Y mientras vende artículos a turistas o gente local, Cuenca dibuja su división entre la antigua y la nueva ciudad, demarcada por la avenida 12 de abril. A pocos metros surge imponente la catedral de la Inmaculada Concepción y el Parque Calderón. En su entrada se venden velas para encender como ofrenda a la virgen. Se construyó a finales del siglo XIX y está entre las más grandes de Sudamérica, con capacidad para unas 8 mil personas. Sus pisos fueron cubiertos de mármol de Carrara, importado directamente en Italia, un símbolo de la riqueza de la ciudad en aquella época. Su estilo gótico, con tres cúpulas que sobresalen del tejado, se inspira en la Basílica de San Pedro en Roma.

También se destacan el Palacio de Justicia, la iglesia de San Sebastián, la Alcaldía, el mirador Turi y un legado de tres asentamientos culturales: Cañari, Inca y Español. Esa diversidad le da una belleza particular, y en 2008 la National Geographic la colocó en el puesto 49 de los sitios históricos más importantes en el mundo.

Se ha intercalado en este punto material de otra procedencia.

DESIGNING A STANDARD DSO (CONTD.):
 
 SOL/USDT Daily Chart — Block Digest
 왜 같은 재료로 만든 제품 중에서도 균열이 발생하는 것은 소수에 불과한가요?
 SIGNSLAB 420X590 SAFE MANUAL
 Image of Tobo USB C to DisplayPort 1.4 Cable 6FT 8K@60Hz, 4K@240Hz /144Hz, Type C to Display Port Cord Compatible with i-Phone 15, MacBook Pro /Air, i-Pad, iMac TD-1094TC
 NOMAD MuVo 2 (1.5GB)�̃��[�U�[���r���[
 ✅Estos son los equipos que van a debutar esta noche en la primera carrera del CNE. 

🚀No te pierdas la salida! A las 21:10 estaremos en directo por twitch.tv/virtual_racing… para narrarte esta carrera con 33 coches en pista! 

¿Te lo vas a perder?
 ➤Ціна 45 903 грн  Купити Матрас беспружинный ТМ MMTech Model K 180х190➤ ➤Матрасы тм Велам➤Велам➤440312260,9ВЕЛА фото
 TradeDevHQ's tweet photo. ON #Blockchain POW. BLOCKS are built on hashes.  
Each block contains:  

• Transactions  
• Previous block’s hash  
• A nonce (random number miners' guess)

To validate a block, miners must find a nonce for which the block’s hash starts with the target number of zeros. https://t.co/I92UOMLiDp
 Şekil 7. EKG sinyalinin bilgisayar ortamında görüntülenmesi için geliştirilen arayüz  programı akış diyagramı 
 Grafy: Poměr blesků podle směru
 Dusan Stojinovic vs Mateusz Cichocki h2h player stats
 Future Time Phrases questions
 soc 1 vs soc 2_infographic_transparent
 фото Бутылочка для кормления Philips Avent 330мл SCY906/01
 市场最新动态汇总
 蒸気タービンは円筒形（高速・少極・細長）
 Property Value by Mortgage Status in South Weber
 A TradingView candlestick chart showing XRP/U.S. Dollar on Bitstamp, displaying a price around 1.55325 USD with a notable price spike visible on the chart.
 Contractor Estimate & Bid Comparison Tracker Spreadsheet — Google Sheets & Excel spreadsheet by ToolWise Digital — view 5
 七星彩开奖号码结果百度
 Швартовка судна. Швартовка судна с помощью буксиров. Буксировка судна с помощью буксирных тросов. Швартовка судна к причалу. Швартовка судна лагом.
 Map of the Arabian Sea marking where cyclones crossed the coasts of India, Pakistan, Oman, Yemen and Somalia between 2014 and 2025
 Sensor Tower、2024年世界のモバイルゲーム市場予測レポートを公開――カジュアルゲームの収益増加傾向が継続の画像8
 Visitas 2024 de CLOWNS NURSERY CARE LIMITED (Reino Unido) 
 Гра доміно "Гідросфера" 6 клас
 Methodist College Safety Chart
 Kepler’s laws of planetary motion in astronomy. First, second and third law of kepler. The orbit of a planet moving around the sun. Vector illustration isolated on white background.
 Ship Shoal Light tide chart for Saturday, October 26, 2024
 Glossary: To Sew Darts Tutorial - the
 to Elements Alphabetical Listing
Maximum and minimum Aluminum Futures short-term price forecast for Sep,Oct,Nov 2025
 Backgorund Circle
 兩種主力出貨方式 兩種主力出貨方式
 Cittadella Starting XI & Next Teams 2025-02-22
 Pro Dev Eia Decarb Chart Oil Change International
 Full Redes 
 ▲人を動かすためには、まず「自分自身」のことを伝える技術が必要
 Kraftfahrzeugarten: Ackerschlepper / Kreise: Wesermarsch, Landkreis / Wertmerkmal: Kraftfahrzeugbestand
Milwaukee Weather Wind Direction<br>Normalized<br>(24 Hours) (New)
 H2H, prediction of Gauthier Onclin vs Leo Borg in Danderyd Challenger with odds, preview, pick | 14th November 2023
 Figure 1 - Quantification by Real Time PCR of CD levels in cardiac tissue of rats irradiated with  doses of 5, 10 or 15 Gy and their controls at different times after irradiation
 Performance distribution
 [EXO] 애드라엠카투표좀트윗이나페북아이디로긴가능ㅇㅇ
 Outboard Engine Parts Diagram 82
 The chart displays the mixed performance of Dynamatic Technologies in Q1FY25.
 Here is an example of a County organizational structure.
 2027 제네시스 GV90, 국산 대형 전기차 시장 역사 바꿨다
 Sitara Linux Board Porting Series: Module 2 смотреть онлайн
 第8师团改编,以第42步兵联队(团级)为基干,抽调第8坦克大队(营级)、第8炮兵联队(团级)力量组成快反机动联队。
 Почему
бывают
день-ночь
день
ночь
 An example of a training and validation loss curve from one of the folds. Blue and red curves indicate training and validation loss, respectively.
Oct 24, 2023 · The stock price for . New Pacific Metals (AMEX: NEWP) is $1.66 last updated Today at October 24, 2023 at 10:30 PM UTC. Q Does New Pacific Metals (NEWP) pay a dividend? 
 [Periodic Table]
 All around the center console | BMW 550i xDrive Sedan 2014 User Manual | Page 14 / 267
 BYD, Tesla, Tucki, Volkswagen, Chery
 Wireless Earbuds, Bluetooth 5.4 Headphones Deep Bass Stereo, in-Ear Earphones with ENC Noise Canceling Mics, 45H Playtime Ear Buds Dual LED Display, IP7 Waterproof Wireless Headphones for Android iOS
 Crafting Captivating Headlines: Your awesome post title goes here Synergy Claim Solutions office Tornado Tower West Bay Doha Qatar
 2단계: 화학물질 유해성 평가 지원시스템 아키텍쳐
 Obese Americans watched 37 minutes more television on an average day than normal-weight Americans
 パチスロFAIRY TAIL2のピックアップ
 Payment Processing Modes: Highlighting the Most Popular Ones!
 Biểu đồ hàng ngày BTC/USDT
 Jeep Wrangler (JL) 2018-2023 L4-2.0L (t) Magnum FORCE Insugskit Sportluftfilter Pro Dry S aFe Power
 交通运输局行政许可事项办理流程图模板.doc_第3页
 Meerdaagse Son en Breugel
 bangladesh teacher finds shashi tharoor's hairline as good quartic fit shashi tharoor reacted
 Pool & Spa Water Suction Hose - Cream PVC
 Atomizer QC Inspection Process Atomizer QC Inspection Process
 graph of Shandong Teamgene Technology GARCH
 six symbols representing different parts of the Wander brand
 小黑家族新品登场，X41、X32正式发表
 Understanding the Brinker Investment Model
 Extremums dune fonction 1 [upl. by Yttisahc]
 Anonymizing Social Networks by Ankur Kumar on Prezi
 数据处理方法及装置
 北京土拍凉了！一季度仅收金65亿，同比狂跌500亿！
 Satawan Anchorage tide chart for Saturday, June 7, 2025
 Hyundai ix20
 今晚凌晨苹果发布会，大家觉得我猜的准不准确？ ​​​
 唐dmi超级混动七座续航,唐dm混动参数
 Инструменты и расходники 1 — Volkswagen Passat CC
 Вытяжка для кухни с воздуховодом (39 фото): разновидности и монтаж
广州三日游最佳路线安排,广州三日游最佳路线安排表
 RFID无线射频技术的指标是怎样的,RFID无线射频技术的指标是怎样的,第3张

Cuenca tiene una virtud: es una ciudad que te lleva sola por todos los rincones. Entonces se respira arte con el festival de cine La orquídea o aparecen poetas y pintores en las calles viejas o la historia en las Ruinas de todos los Santos, ubicada en la calle Larga. Allí se pueden apreciar las diferencias de las civilizaciones antes mencionadas: técnicas de trabajo, métodos y características propias le dan riqueza arqueológica al lugar.

Rosa habla de las ausencias que ya no vuelven. De la fe en lo pequeño y en abrir los ojos todos los días. “Hay que seguir luchando, tener fe en todo. Siempre hacia adelante”, arremete, y su cuerpo se inclina con la risa cómplice. Su mirada dirá más que las palabras y otras quedarán sin nombrarse acá. Hacia el final se habla de la muerte y hay una paz que la respalda:

–Con la muerte todo se acaba–dice, sin darle vueltas al asunto.

Después de su simpleza crece un silencio inefable. Y pienso que al final, llegada la hora, no habrá máscaras que ponerse y cada quien sabrá si ha quedado a mano con uno.